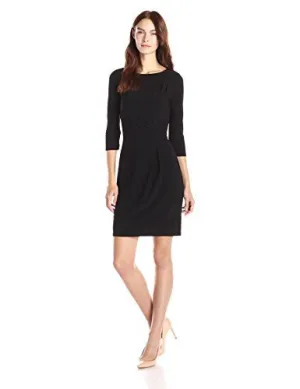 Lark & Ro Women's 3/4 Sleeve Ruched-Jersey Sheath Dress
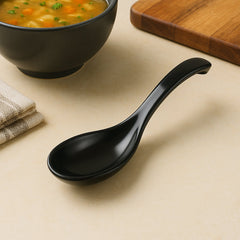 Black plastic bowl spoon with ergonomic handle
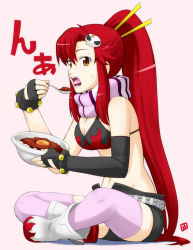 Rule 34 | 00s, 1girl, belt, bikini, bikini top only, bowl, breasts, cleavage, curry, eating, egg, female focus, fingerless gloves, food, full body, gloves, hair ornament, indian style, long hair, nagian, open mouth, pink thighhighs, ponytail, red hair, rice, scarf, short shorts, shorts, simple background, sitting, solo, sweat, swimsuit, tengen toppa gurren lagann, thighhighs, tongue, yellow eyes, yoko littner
===============
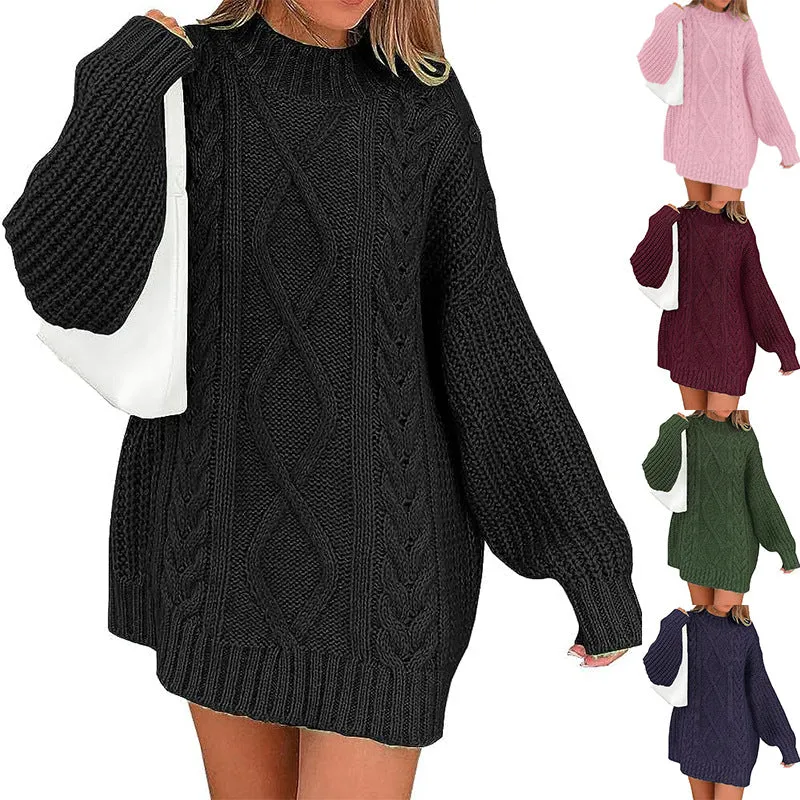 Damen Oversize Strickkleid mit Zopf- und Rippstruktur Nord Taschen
===============
Exercise
Using the entries above, transcribe exactly from the line that has "Lark & Ro Women's" through the line that has "Rule 34 | 00s, 1girl, belt, bikini, bikini". Pictures are dropped.

Task result
 Lark & Ro Women's 3/4 Sleeve Ruched-Jersey Sheath Dress
 Black plastic bowl spoon with ergonomic handle
 Rule 34 | 00s, 1girl, belt, bikini, bikini top only, bowl, breasts, cleavage, curry, eating, egg, female focus, fingerless gloves, food, full body, gloves, hair ornament, indian style, long hair, nagian, open mouth, pink thighhighs, ponytail, red hair, rice, scarf, short shorts, shorts, simple background, sitting, solo, sweat, swimsuit, tengen toppa gurren lagann, thighhighs, tongue, yellow eyes, yoko littner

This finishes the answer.